Segment Open
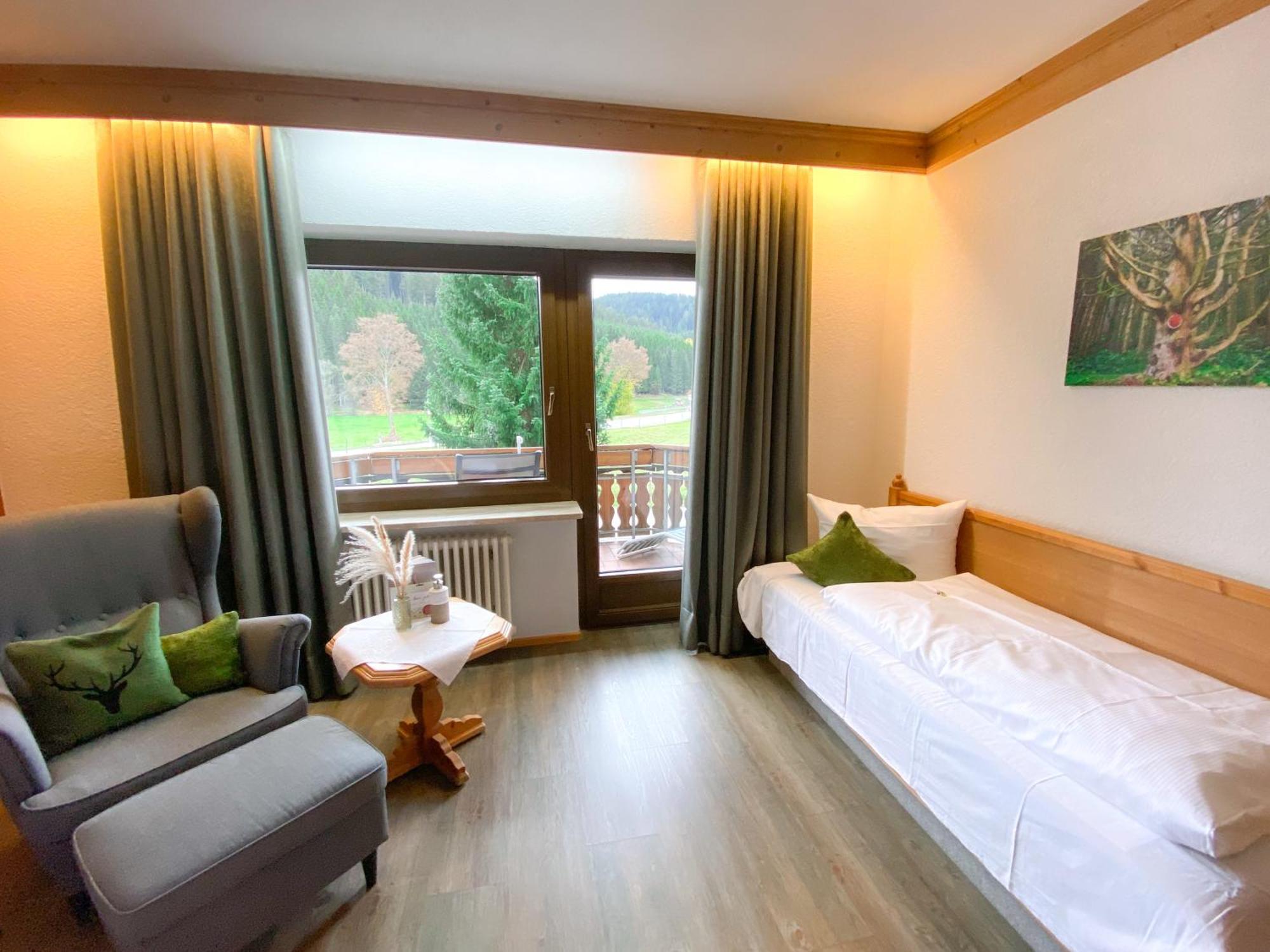 Landgasthof Jostalstueble Titisee-Neustadt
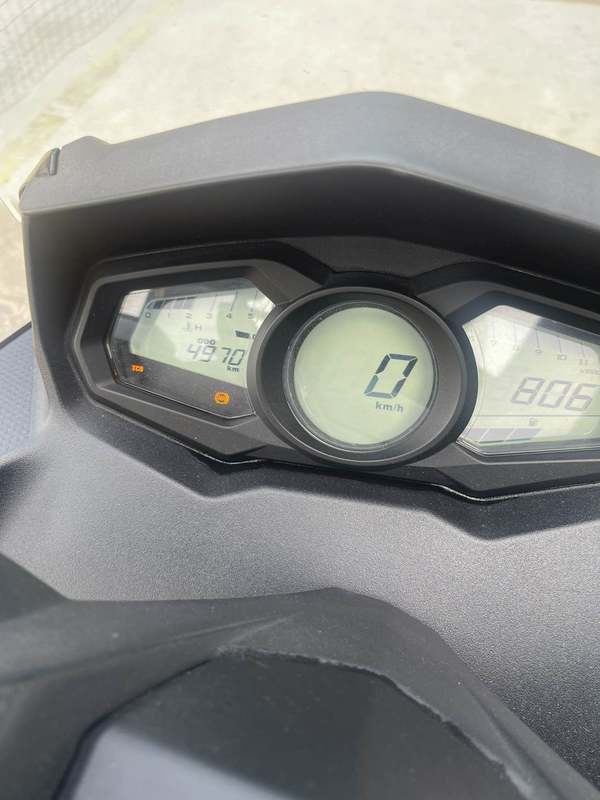 二手光阳Racing X 150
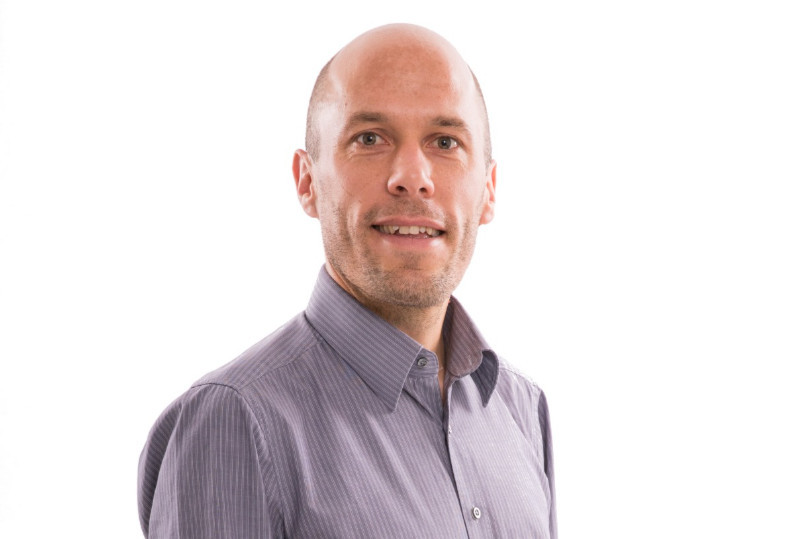 Gilles Aeschlimann.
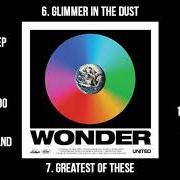Le texte musical SHADOW STEP de HILLSONG UNITED est également présent dans l'album Wonder (2017)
Segment Closed
Write out each line again, exactly as it appears above, except for any picture.

Response to the exercise:
 Landgasthof Jostalstueble Titisee-Neustadt
 二手光阳Racing X 150
 Gilles Aeschlimann.
Le texte musical SHADOW STEP de HILLSONG UNITED est également présent dans l'album Wonder (2017)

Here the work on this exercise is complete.